Magic Mushrooms: The same, but more, er, organic. We drove into the Norfolk countryside, crashed the car, lay down in the pitch dark on a country road to look at the stars, climbed over barbed wire fences to get into Sheringham park, climbed the observation tower and watched shooting stars, got chased off by guard dogs, all after mushroom tea. Good times.

Cocaine: I have never discovered the effects of this drug, apart from the fact that it makes you a) keep on wanting to do it and b) an arsehole.

Wednesday, February 04, 2009

Insufficient grit

Was interested to read this in the Daily Scum:

'Well I'm absolutely fuming' said Mrs A Taxpayer. 'I don't pay my hard-earned taxes just to have these teachers sit around watching porn and eating biscuits in bed. This health and safety business is political correctness gone mad! And they're missing such crucial, vital time in their learning. I don't know why they couldn't do what they did in my day, and spend the time colouring pictures together in the hall.

'Not only did I have to take time off work, losing my company literally billions in the two days I was out, but I had to look after my own children for two whole days! These teachers have no idea how tedious and inconvenient entertaining small children can be.'

Mayor Boris Johnson appeared to back frustrated parents.
'It's not an excuse to skive, you know' he was quoted as saying, shortly before lunch at the Dorchester with some visiting Chinese dignitaries.

Tuesday, February 03, 2009

Interview with GSE

Update - the elegant and sophisticated GSE has consented to an interview.
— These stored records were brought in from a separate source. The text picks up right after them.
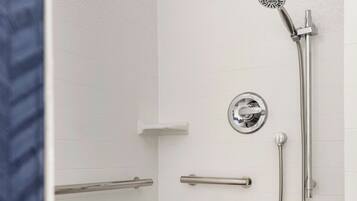 A shower area with a wooden step, a handheld showerhead, and a wall-mounted control panel.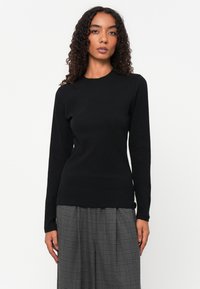 Svart langermet ribbet topp med rund hals, tettsittende form og glatt tekstur, kombinert med rutete vide bukser.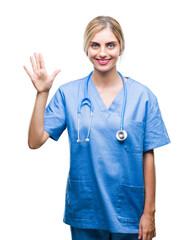 Sticker - Young beautiful blonde doctor surgeon nurse woman over isolated background showing and pointing up with fingers number five while smiling confident and happy.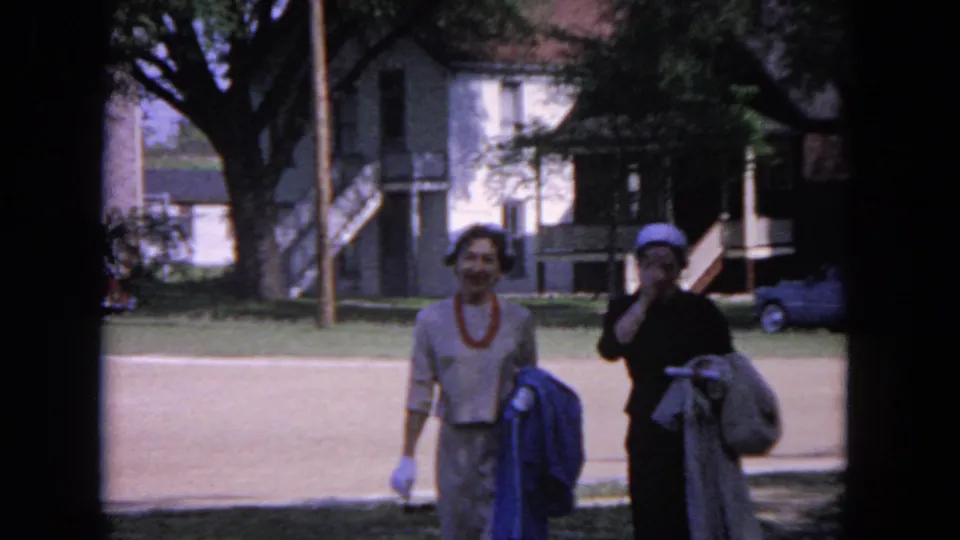 Two women walk side by side in a 1964 Evanston home-movie frame, with trees and residential buildings behind them.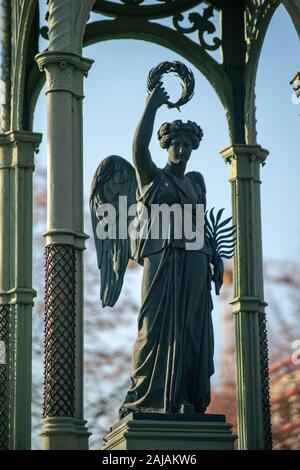 Dettagliata statua di pietra di un angelo su un cimitero tedesco a Berlino su un soleggiato luminosa giornata invernale Foto Stock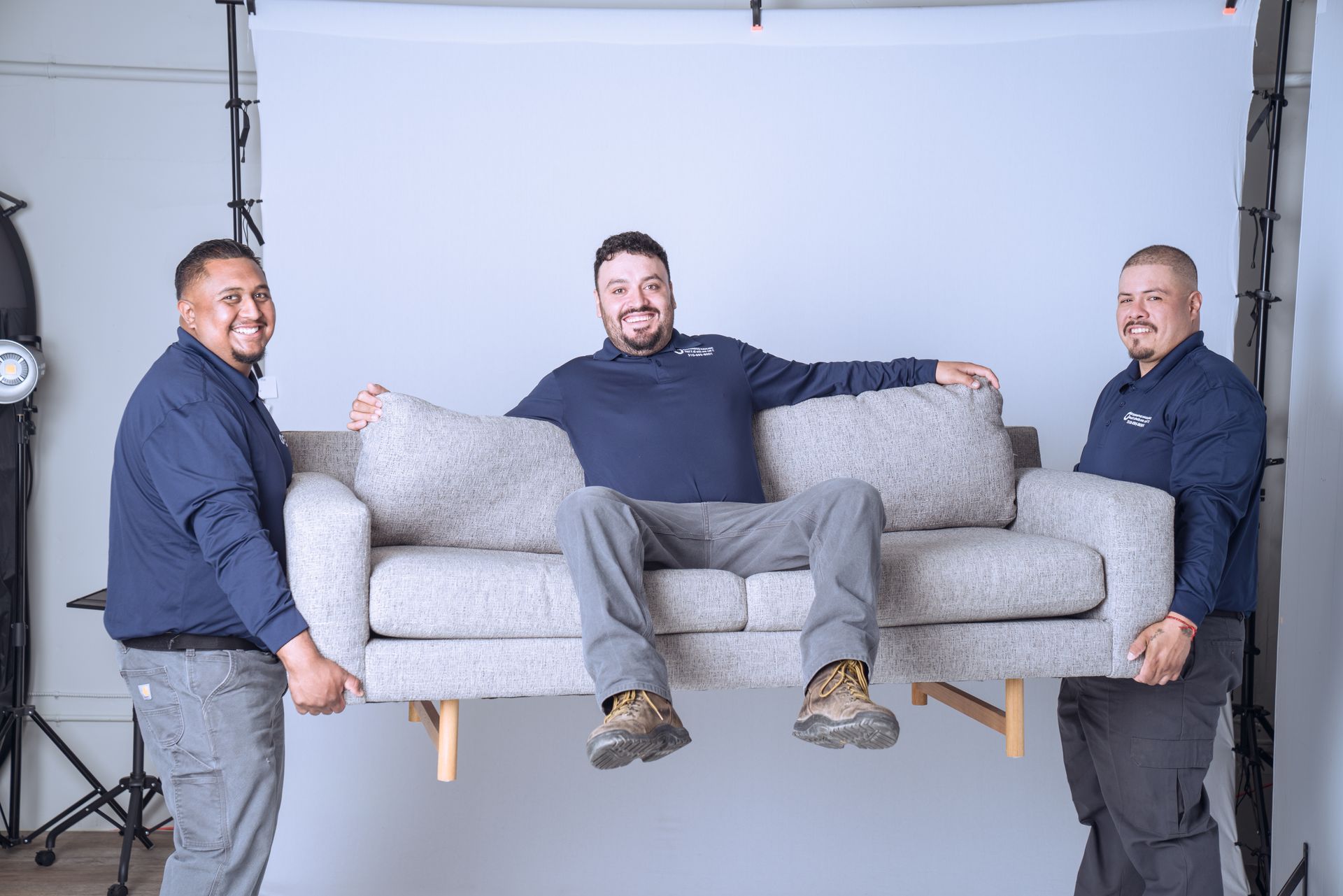 Two smiling men in matching navy shirts lift a gray sofa while a third man sits on the sofa.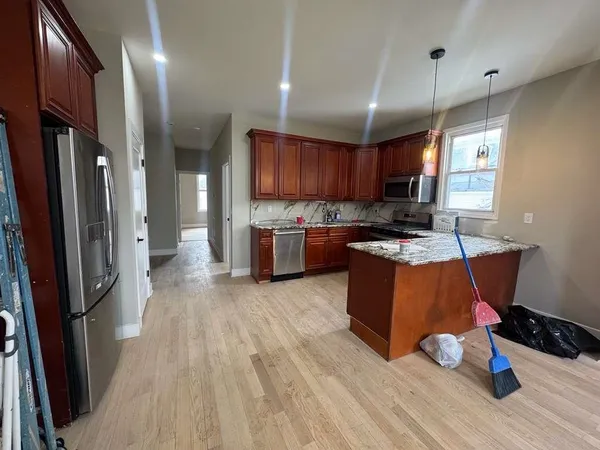 a kitchen with stainless steel appliances granite countertop a refrigerator a stove top oven a sink and dishwasher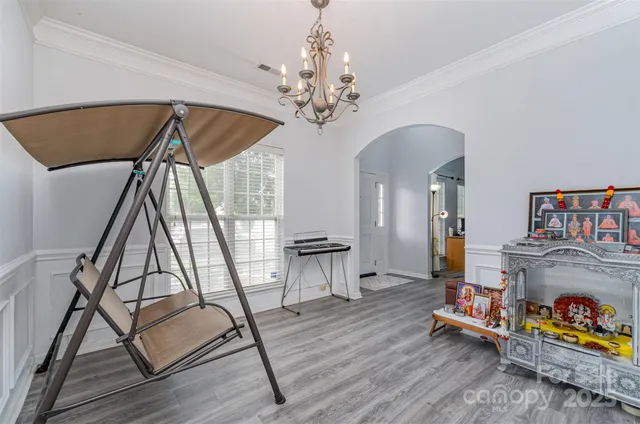 a view of hall way with furniture and chandelier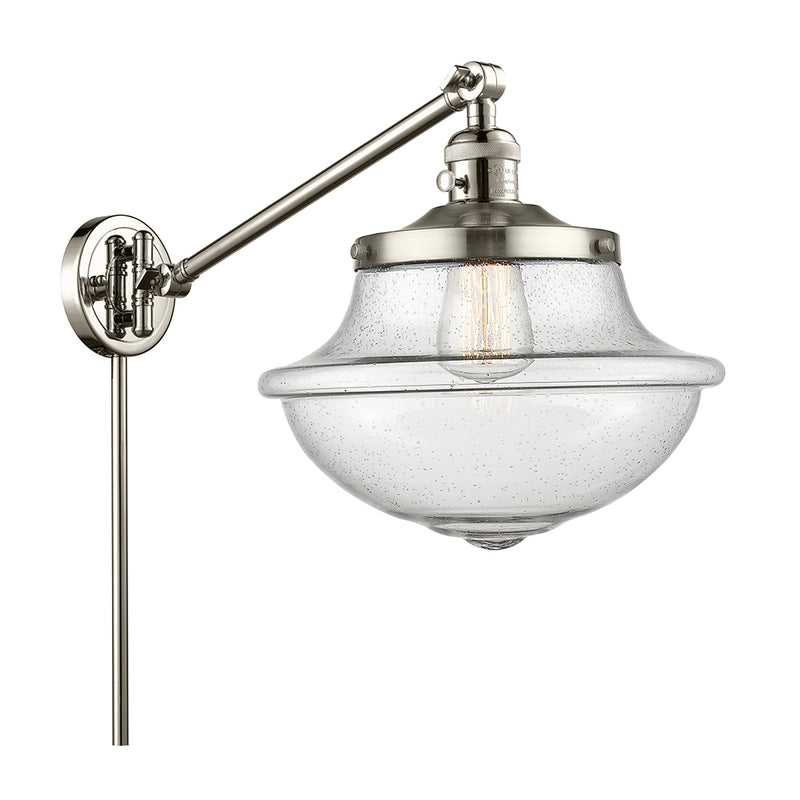 Oxford Swing Arm shown in the Polished Nickel finish with a Seedy shade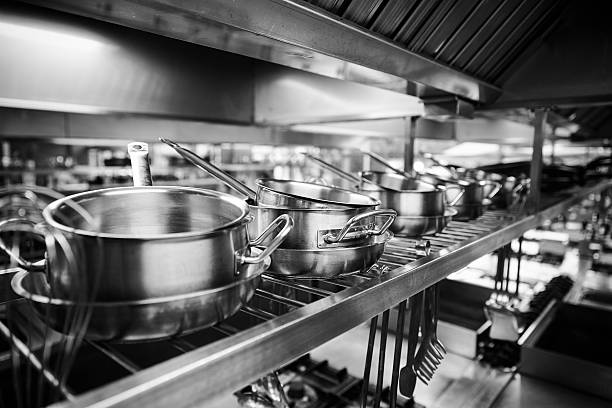 Industrial Kitchen - Pots and tools on shelves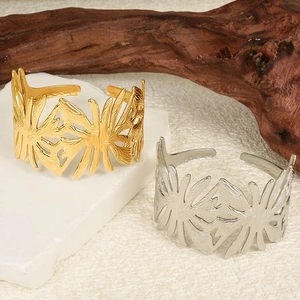 Macro detail of gold and silver open bangles with leaf-inspired hollow texture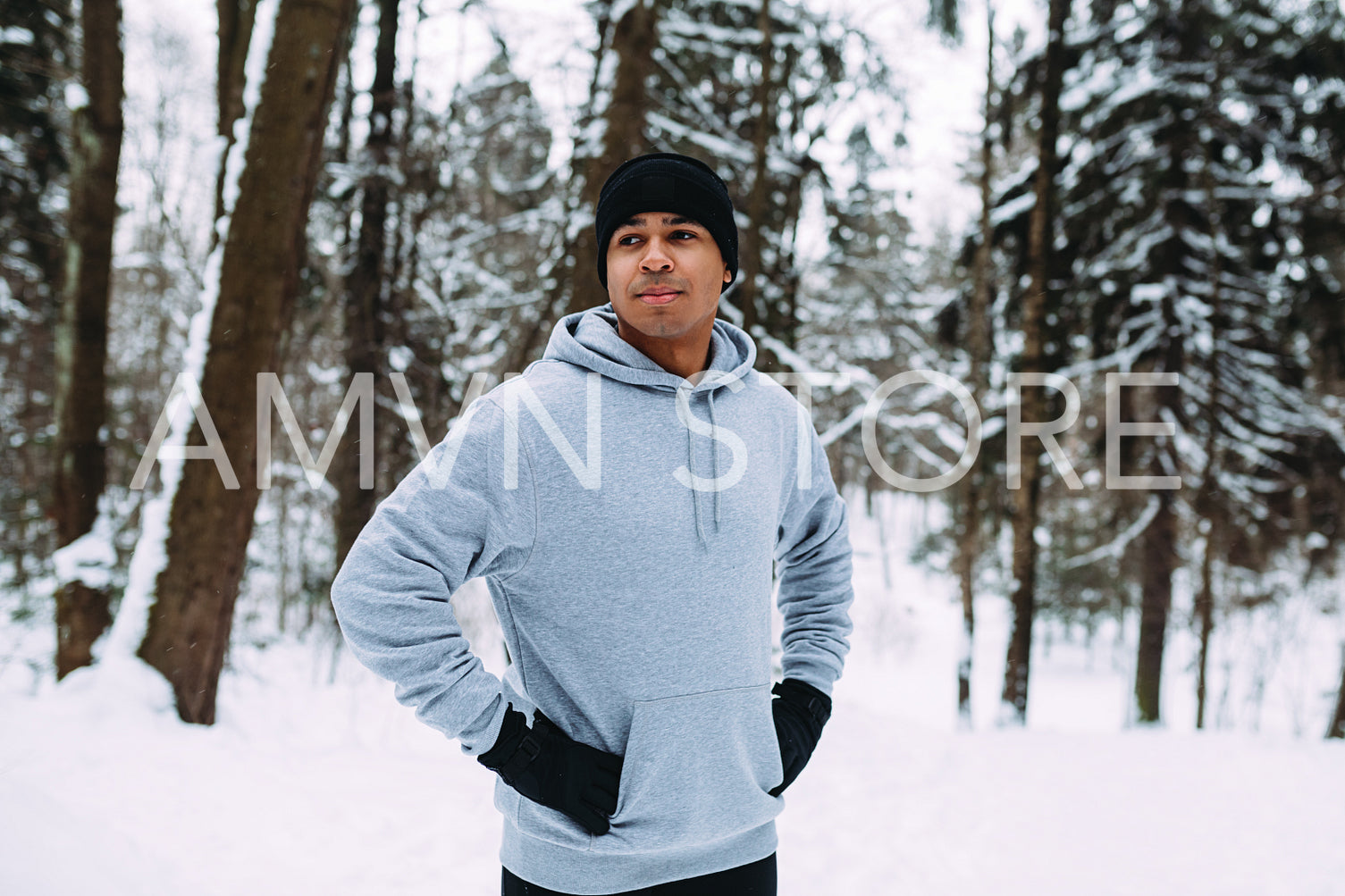 Athlete standing in a forest. Man resting after exercises.	
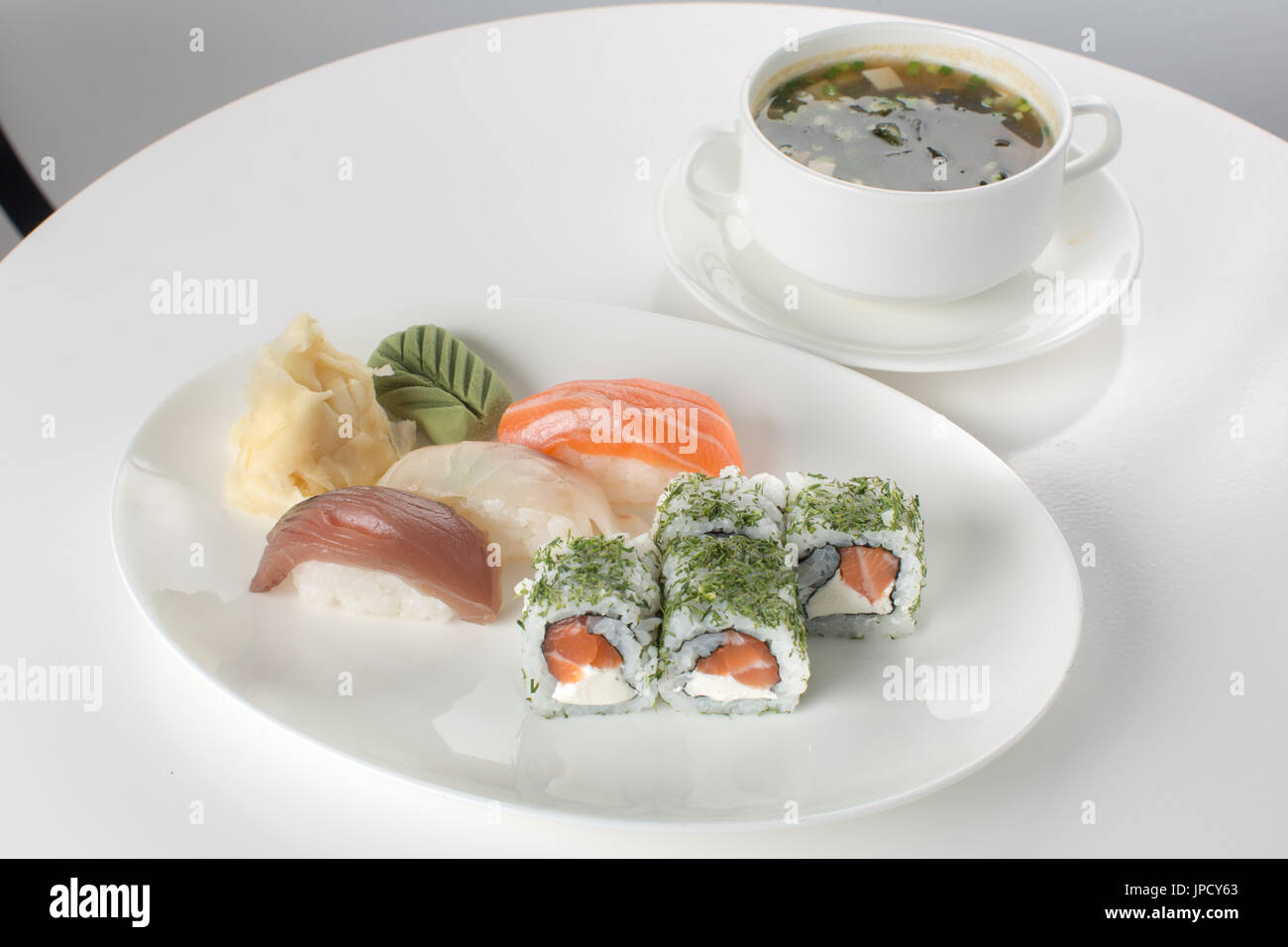 Il sushi e la minestra sul tavolo bianco Foto Stock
I reserve the right to heckle her answers on my blog though.

What was the last excuse you made, and why did you need to make it?
I regularly use the same excuse for not doing things well or properly or indeed at all - I've got health problems. That would have been totally valid 15 years ago. Less so now. Yeah, but I've still got health problems...

Complete this sentence: I wonder why _________________.
why anyone thinks that sticking a vibrating mascara wand near one your most delicate organs is a good idea?
Like most vibrating items marketed for women, possibly it will be used on an area not indicated in the advertising - cf the Magic Wand.

What did you look like when you were a teenager?
Nerdy and hideous. So not much change then.
Oh pish posh woman. You are gorgeous and you know it.

What is the best thing you've ever bought?
The monsters - although they were more of a present really. But they weren't cheap.

Do you like or dislike change?
I dislike it on the whole. But it depends. For example I prefer the same breakfast every day. But I change my underwear every day too.

* * *

Never managed to trick someone into guest-posting here, maybe this will work. It's a meme, and here's how it works -

Leave me a comment saying, "Interview me."
2. I will email you five questions.
3. Update your blog with the answers to the questions.
4. Include this explanation and an offer to interview someone else in the same post.
5. When someone comments asking to be interviewed, ask them five questions.

Monday, February 02, 2009

Snowbound

6.00 am text from head teacher: School is closed today.

I think I've dreamed it. Then I look out the window...





Been watching Scrubs in bed with toast & coffee. Bit bored now. You?